Pero uno de los denominadores comunes de este conjunto instrumental y sus intérpretes, han sido sus institucionalizadas y generalizadas funciones a lo largo de los siglos de auge. El aprendizaje técnico y musical se solía realizar mediante la atenta mirada o bajo la tutela de un destacado maestro y, dependiendo de la situación económica y destreza manufacturera, algunos también construían sus propios instrumentos. La contratación festiva pública (hasta su asunción municipal) solía ser un aspecto asumido por la juventud local asociada que les recibía, proporcionándoles alojamiento, manutención y les acompañaban en sus pautadas obligaciones festivas. No siendo extraño que también recurriesen a un complemento económico, mediante compromisos esporádicos a demanda.

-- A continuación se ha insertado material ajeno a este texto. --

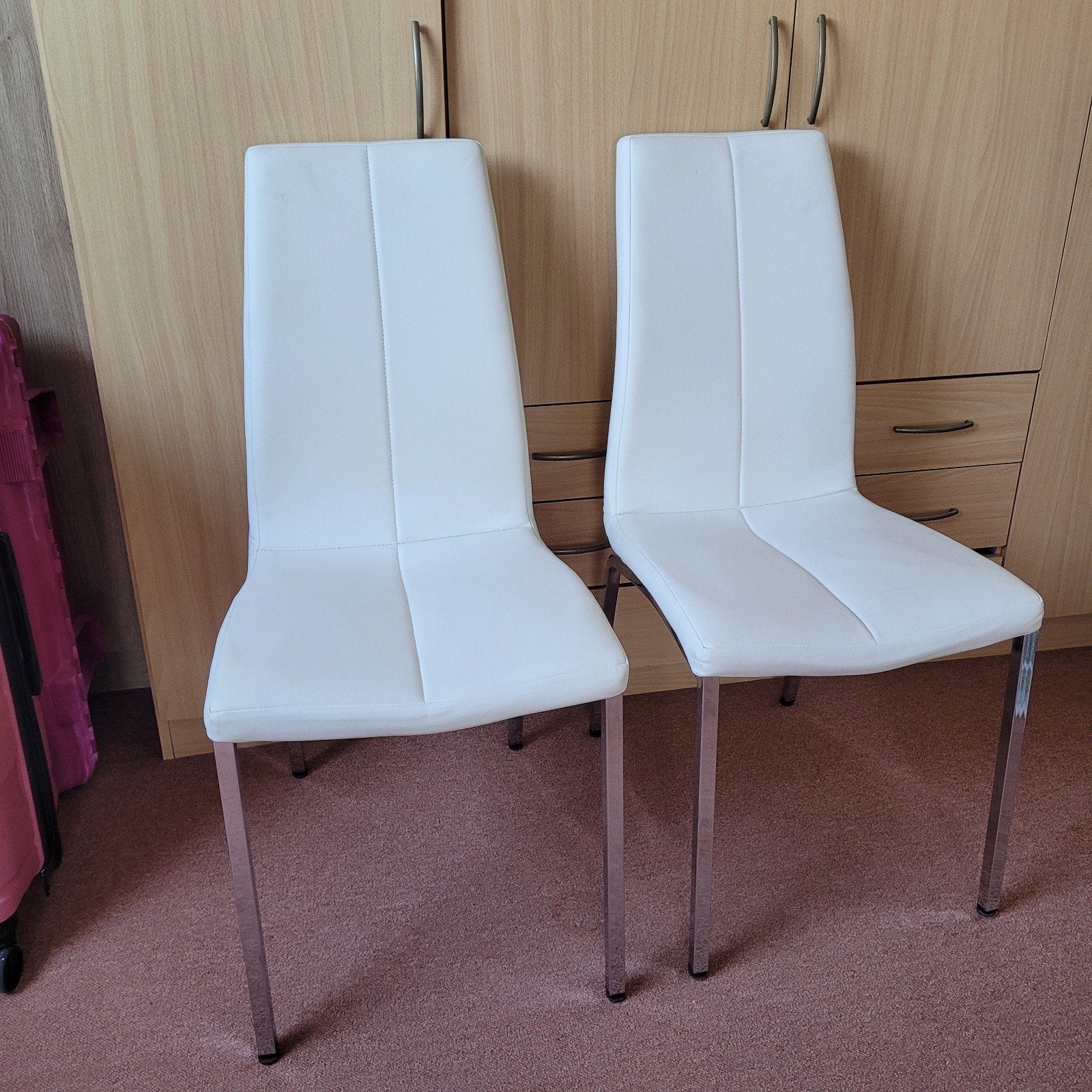 2 Witte Eetkamerstoelen - Modern Design, Ophalen, Twee, Wit, Overige materialen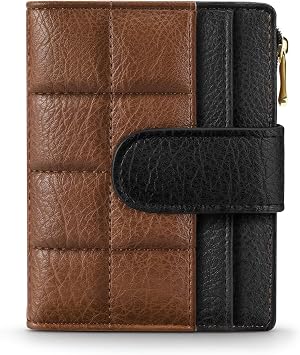 Tipmile Womens Small Wallets RFID Blocking Card Holder Bifold Compact Wallets With Zipper Coin Pocket Black&Brown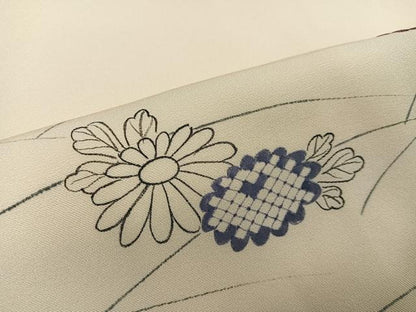 平和屋着物●訪問着　刺繍　舞花文　金糸　正絹　逸品　AABE0800ph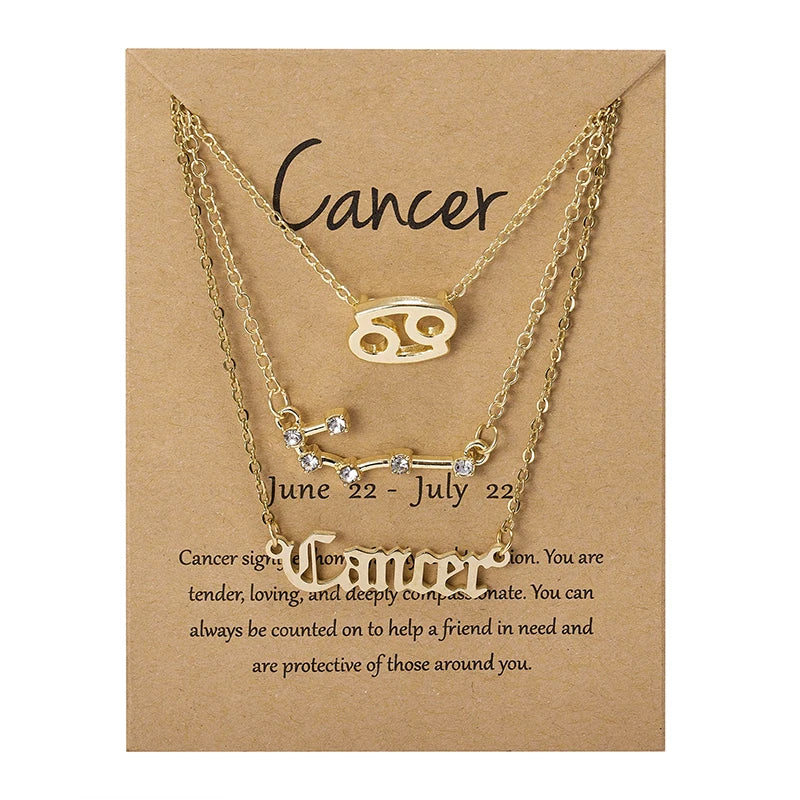 3Pcs/set 12 Zodiac Sign Necklace For Women 12 Constellation Pendant Chain Choker Birthday Jewelry With Cardboard Card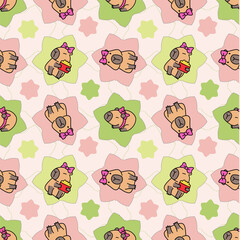 Cute capybara pattern on pastel background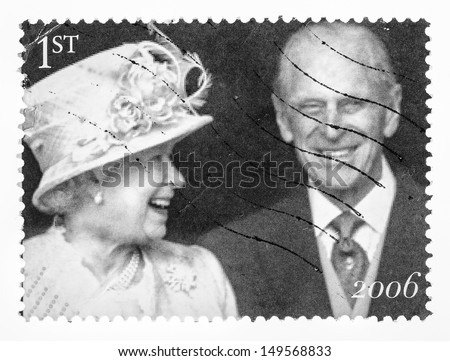 UNITED KINGDOM - CIRCA 2006: Queen Elizabeth II and the Duke of Edinburgh Prince Philip leave St Pauls Cathedral, the Diamond Wedding Anniversary (1947-2007), circa 2006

Entre sus variopintas obligaciones festivas se contemplaba su contribución a la animación musical de la diversión coreográfica, su papel de dirección (musical y/o coréutica) de las danzas rituales de cada festividad, sus protocolarios quehaceres en el desarrollo festivo (vísperas, dianas o alboradas, recogida y acompañamiento de autoridades, rondas de sobremesa o visitas de cortesía a las viviendas, animar los bailes públicos o marcar la retirada festiva). Su prestigio social y mantenimiento de la tradición se asociaba a su capacidad interpretativa o variedad de repertorio, su aguante festivo y flexibilidad adaptativa en la demanda musical o debido a su escasez, la icónica proximidad o predisposición a dinamizar el ocio colectivo.